Segment Open

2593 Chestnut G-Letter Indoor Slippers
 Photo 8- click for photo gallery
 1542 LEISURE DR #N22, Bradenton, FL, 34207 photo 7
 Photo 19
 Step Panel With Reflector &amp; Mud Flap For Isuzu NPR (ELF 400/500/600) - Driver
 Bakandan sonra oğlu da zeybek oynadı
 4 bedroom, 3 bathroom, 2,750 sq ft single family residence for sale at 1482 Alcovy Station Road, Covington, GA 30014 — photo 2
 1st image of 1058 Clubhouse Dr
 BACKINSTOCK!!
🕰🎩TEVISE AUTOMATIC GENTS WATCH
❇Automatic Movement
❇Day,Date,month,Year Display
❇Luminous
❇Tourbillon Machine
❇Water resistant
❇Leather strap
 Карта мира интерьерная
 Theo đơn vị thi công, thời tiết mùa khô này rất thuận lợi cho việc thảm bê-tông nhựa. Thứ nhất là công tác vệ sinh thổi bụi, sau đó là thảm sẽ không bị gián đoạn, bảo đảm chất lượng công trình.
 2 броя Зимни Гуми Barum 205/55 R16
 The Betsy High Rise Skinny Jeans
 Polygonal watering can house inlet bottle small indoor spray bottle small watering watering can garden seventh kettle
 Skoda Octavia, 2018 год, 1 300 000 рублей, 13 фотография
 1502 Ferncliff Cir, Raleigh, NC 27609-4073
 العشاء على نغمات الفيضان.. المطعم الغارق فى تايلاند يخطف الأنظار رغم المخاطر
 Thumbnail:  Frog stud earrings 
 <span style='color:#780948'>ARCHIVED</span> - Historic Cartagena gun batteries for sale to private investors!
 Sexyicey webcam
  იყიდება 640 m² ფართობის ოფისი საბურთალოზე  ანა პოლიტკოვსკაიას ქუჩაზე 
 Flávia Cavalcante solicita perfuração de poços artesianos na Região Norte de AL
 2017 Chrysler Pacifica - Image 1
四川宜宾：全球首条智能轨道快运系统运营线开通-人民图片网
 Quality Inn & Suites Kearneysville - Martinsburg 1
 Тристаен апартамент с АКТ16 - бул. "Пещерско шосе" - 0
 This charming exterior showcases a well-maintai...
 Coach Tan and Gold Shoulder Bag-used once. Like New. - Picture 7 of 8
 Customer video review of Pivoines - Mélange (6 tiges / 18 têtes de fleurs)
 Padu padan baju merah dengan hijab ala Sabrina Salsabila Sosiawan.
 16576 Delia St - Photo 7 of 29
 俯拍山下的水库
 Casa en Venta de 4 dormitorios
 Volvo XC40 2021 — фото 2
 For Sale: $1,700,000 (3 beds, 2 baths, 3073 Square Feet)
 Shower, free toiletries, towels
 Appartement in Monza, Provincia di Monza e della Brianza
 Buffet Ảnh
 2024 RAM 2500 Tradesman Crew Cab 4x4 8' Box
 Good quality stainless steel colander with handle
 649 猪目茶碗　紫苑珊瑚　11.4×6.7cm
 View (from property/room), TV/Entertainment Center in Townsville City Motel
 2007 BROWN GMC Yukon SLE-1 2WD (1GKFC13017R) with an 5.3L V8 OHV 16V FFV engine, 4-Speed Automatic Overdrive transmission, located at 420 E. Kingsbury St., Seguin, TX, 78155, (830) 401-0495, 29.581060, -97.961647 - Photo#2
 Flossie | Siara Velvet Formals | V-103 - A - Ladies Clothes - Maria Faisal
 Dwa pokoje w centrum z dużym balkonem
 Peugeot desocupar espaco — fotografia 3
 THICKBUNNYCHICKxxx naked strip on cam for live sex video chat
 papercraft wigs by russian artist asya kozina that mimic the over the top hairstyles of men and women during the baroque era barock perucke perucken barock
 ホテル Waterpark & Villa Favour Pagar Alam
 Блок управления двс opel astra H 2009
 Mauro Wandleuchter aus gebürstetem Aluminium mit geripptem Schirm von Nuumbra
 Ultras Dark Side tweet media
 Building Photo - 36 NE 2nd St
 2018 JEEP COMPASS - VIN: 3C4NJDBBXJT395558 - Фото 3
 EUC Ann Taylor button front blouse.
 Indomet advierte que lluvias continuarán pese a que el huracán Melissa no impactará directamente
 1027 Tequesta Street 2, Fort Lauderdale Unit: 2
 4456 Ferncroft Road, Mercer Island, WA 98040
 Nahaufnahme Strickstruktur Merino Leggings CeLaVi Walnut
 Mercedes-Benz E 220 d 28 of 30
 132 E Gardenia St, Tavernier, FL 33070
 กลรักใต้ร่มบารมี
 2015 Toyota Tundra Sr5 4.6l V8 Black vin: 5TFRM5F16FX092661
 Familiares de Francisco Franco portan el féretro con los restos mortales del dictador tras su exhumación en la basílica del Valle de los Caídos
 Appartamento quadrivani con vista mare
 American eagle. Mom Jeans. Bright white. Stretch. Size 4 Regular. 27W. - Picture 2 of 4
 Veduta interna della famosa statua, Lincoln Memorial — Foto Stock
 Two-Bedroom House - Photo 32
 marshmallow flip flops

Segment Closed

Exercise aim ->
For this task, write out exactly the lines of the entries above, starting at the line with "Sexyicey webcam" and ending at the line with "Volvo XC40 2021 — фото 2", both included, and no others.

Response ->
 Sexyicey webcam
  იყიდება 640 m² ფართობის ოფისი საბურთალოზე  ანა პოლიტკოვსკაიას ქუჩაზე 
 Flávia Cavalcante solicita perfuração de poços artesianos na Região Norte de AL
 2017 Chrysler Pacifica - Image 1
四川宜宾：全球首条智能轨道快运系统运营线开通-人民图片网
 Quality Inn & Suites Kearneysville - Martinsburg 1
 Тристаен апартамент с АКТ16 - бул. "Пещерско шосе" - 0
 This charming exterior showcases a well-maintai...
 Coach Tan and Gold Shoulder Bag-used once. Like New. - Picture 7 of 8
 Customer video review of Pivoines - Mélange (6 tiges / 18 têtes de fleurs)
 Padu padan baju merah dengan hijab ala Sabrina Salsabila Sosiawan.
 16576 Delia St - Photo 7 of 29
 俯拍山下的水库
 Casa en Venta de 4 dormitorios
 Volvo XC40 2021 — фото 2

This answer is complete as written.